▶ **Work to complete**
Line by line, output everything from the one that contains "Obafemi Martins of" through the end of the material below, exactly as written and with no pictures.

● ● ● ●

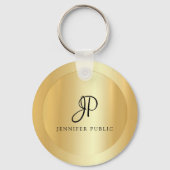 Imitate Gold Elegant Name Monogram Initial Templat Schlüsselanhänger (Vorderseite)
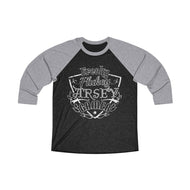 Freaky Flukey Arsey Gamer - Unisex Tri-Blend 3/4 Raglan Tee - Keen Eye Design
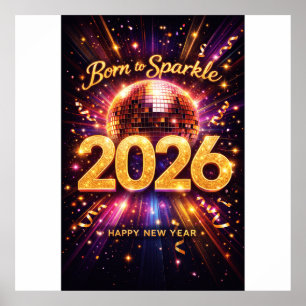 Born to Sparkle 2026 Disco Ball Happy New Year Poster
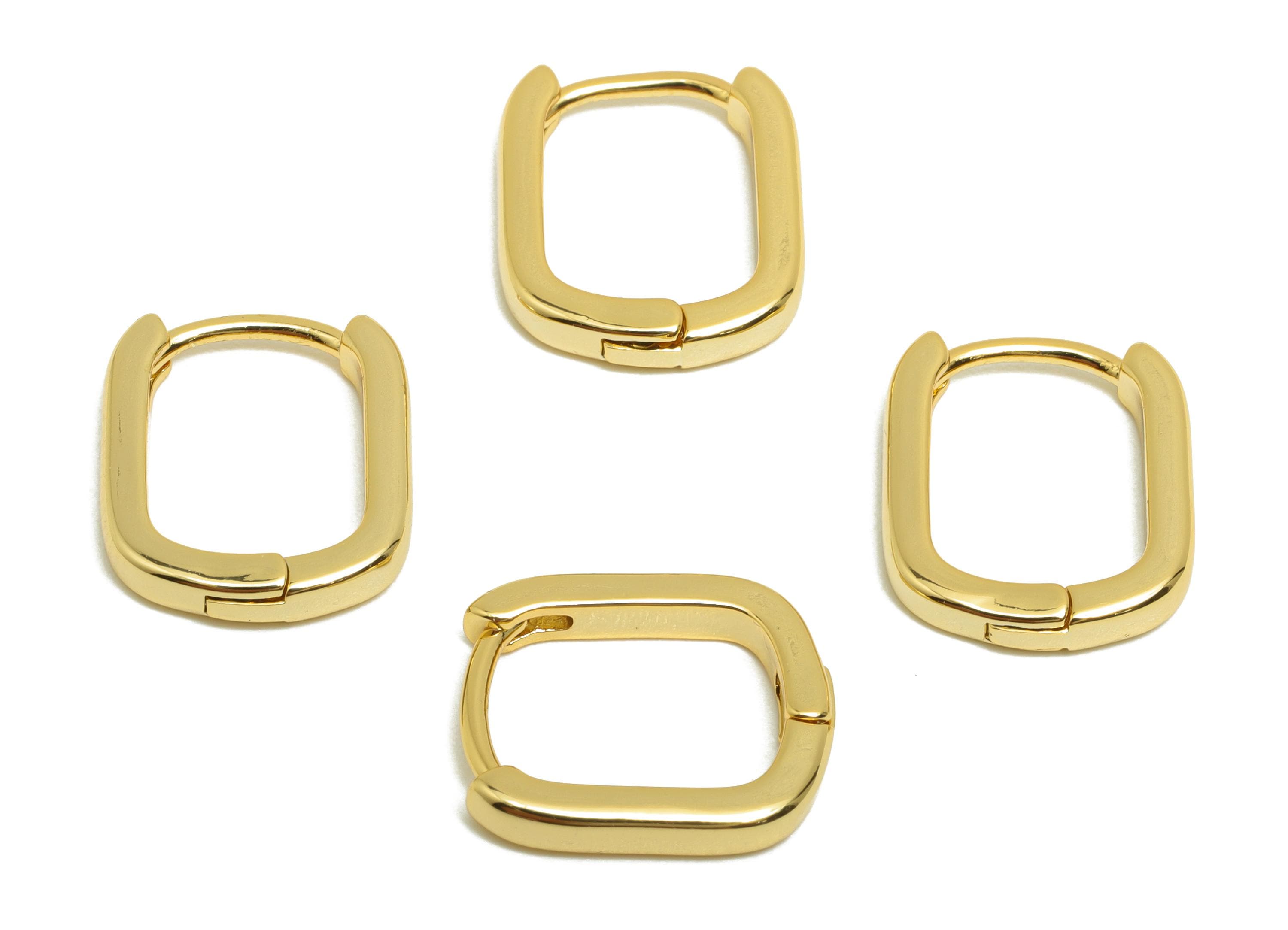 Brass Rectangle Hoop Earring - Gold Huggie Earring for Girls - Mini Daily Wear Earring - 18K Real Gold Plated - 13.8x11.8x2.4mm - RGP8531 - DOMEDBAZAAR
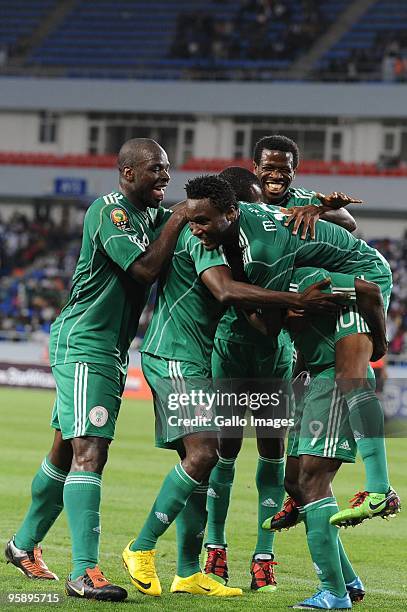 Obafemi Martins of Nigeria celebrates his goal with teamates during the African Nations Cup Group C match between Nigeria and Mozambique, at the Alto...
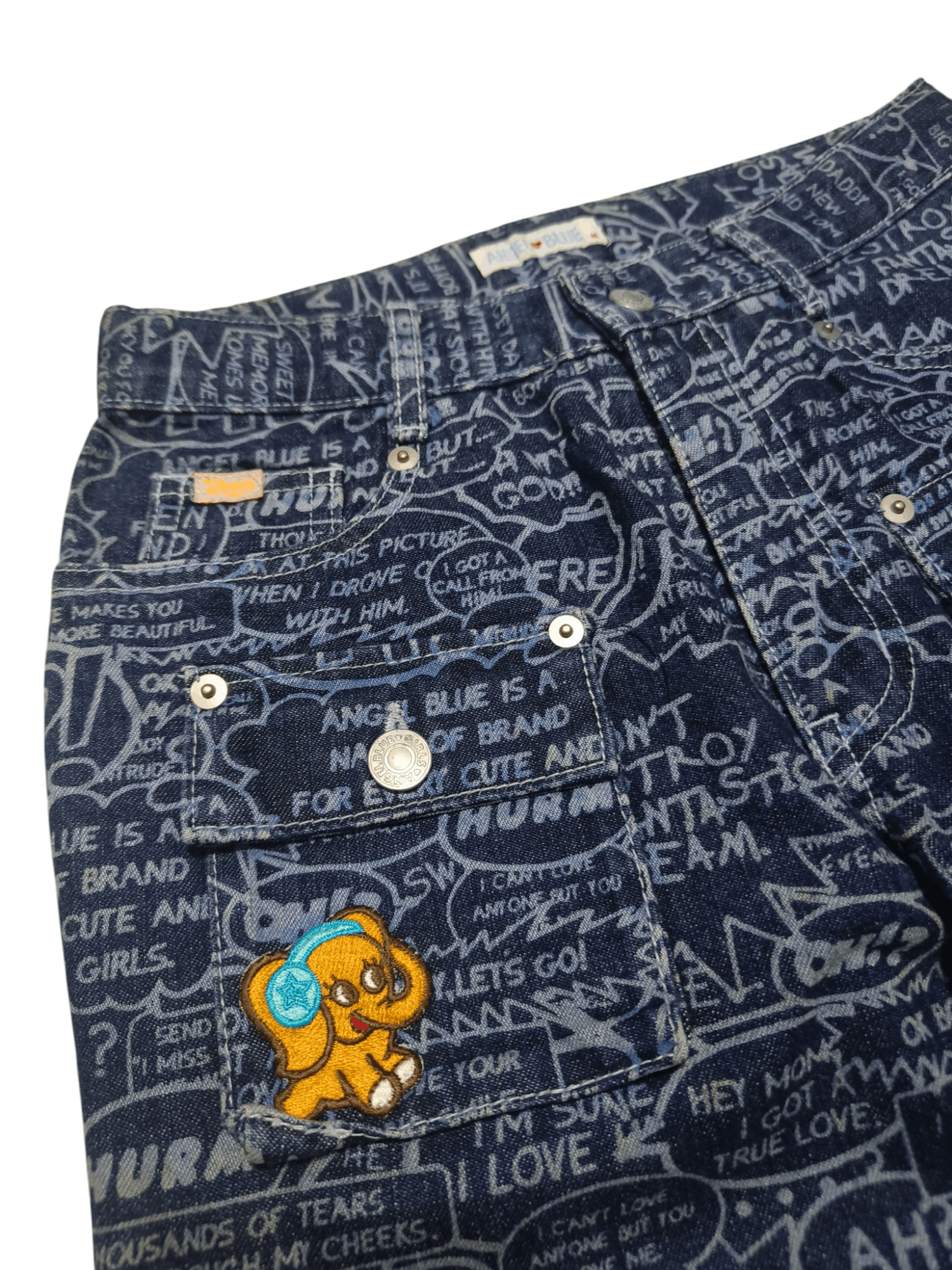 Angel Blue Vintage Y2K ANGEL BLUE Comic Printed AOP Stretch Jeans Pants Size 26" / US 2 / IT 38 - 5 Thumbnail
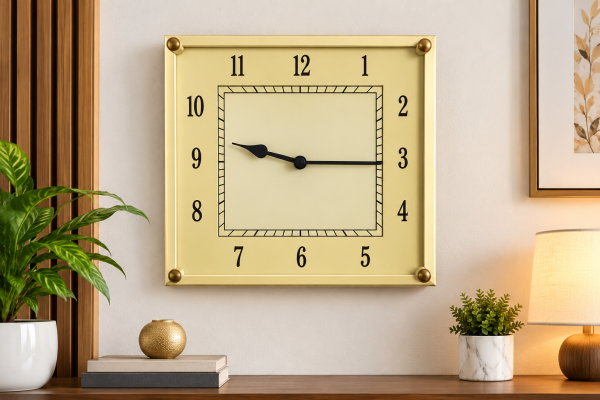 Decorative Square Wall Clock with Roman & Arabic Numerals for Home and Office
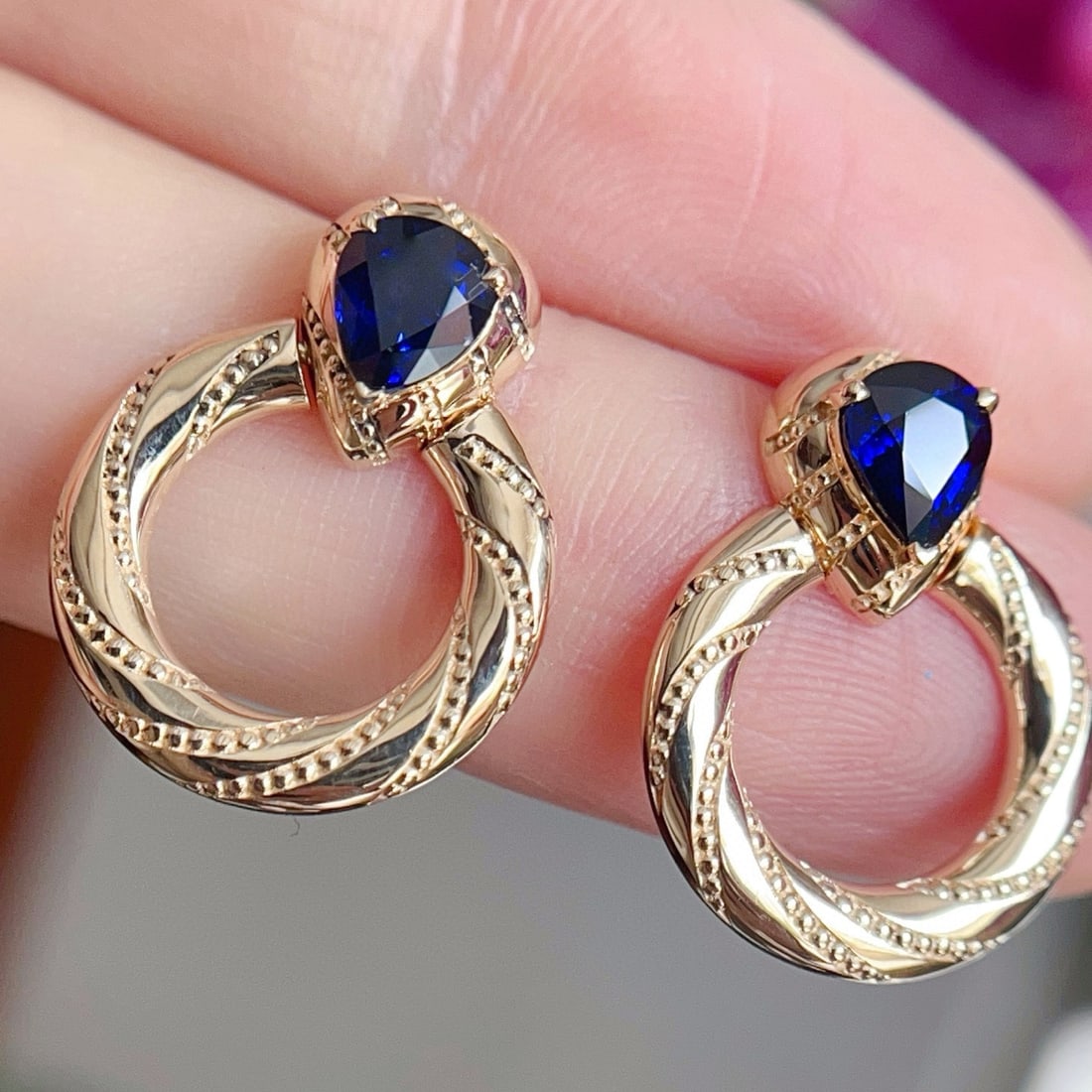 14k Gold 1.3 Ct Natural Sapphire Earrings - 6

● ● ● ●

▶ **Solution to this problem**
 Obafemi Martins of Nigeria celebrates his goal with teamates during the African Nations Cup Group C match between Nigeria and Mozambique, at the Alto...
 Angel Blue Vintage Y2K ANGEL BLUE Comic Printed AOP Stretch Jeans Pants Size 26" / US 2 / IT 38 - 5 Thumbnail
 Decorative Square Wall Clock with Roman & Arabic Numerals for Home and Office
 14k Gold 1.3 Ct Natural Sapphire Earrings - 6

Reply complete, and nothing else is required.